13. Hukuk Dairesi 2012/26741 E. , 2013/3314 K.
"İçtihat Metni"MAHKEMESİ :Asliye Hukuk Mahkemesi (Tüketici Mahkemesi sıfatıyla)
Taraflar arasındaki menfi tespit davasının yapılan yargılaması sonunda ilamda yazılı nedenlerden dolayı davanın reddine yönelik olarak verilen hükmün süresi içinde davacı avukatınca temyiz edilmesi üzerine dosya incelendi gereği konuşulup düşünüldü.
KARAR
Davacı, dava dışı borçlu ... ile davalı banka arasında imzalanan kredi kartı sözleşmesine kefil sıfatı ile sorumlu olarak imza attığını, davalı bankanın kendisine bilgi vermeden kredi kartı limitini arttırdığını ve kötü niyetle hakkında icra takibi yaptığını, davalı bankaya borçlu olmadığının tespitine karar verilmesini istemiştir.
Davalı banka, davacının kefil değil, garantör sıfatının bulunduğunu, bu nedenle borcun tamamından sorumlu olduğunu savunarak, davanın reddini dilemiştir.
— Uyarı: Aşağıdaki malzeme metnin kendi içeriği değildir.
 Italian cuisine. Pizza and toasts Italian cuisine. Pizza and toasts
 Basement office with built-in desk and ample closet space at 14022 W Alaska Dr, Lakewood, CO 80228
Mahkemece, davacının kefil olmayıp garantör olduğu, davacının garantör olması nedeniyle sözleşmenin imzalandığı tarihteki limit olan 50,00 TL nın üzerindeki borçları da kabul ettiği gerekçesiyle davanın reddine karar verilmiş; hüküm, davacı tarafından temyiz edilmiştir.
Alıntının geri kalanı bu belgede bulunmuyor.